● **Task description**: Omit every picture while repeating the entries exactly.

[Crawled caption data]

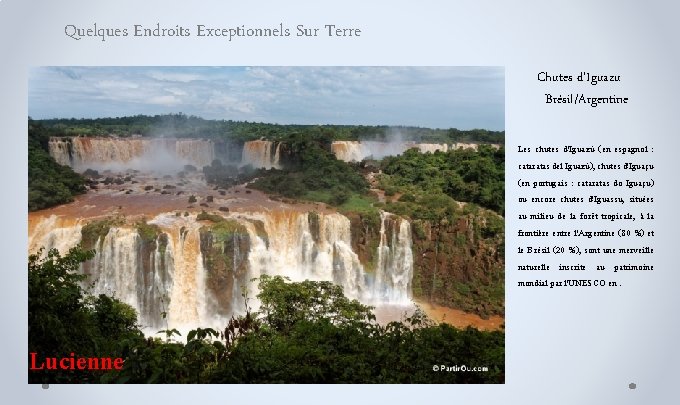 Quelques Endroits Exceptionnels Sur Terre Chutes d'Iguazu Brésil/Argentine Les chutes d'Iguazú (en espagnol :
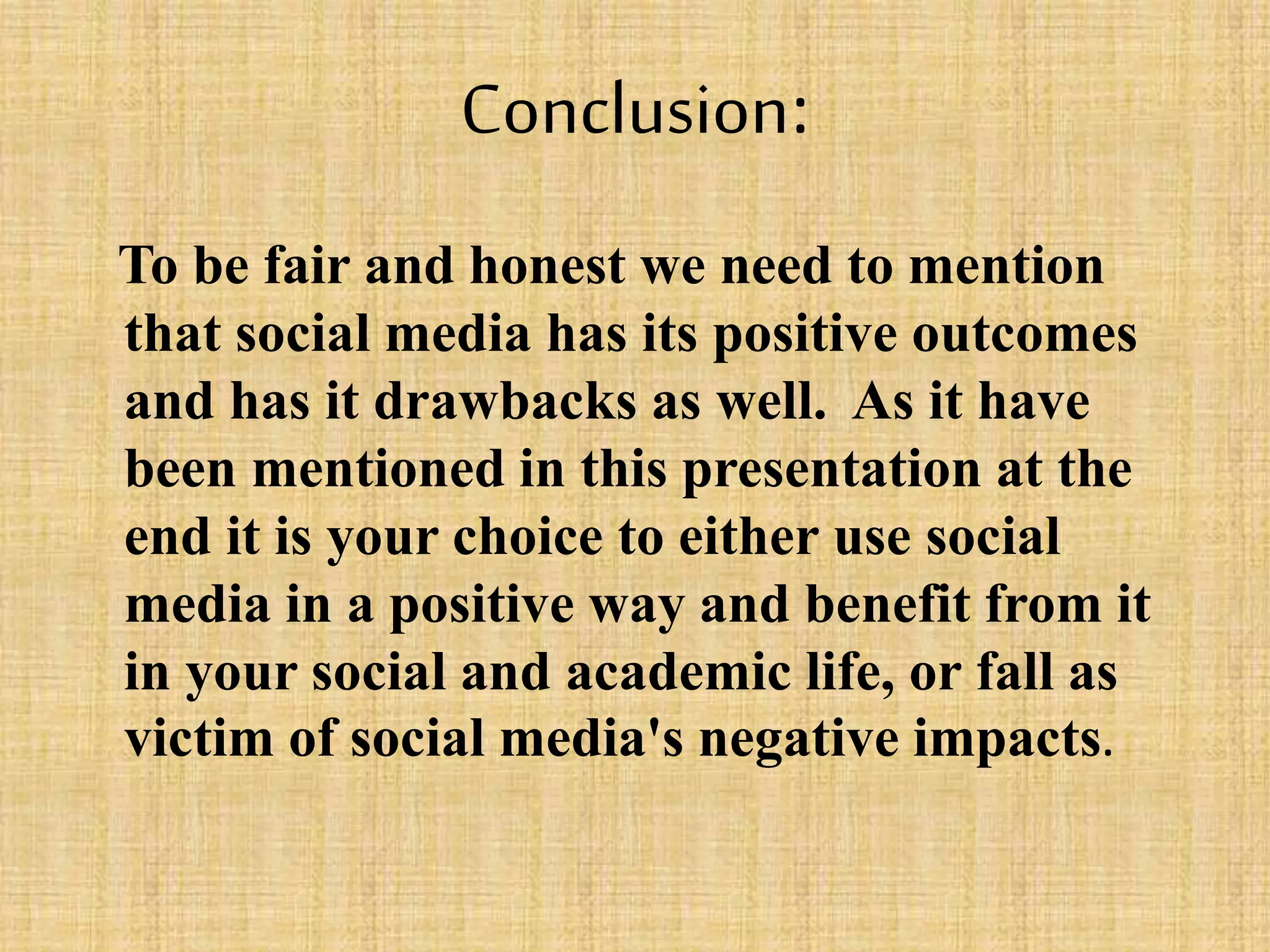 Conclusion:
To be fair and honest we need to mention
that social media has its positive outcomes
and has it drawbacks as well. As it have
been mentioned in this presentation at the
end it is your choice to either use social
media in a positive way and benefit from it
in your social and academic life, or fall as
victim of social media's negative impacts.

● **Written response**:
 Quelques Endroits Exceptionnels Sur Terre Chutes d'Iguazu Brésil/Argentine Les chutes d'Iguazú (en espagnol :
 Conclusion:
To be fair and honest we need to mention
that social media has its positive outcomes
and has it drawbacks as well. As it have
been mentioned in this presentation at the
end it is your choice to either use social
media in a positive way and benefit from it
in your social and academic life, or fall as
victim of social media's negative impacts.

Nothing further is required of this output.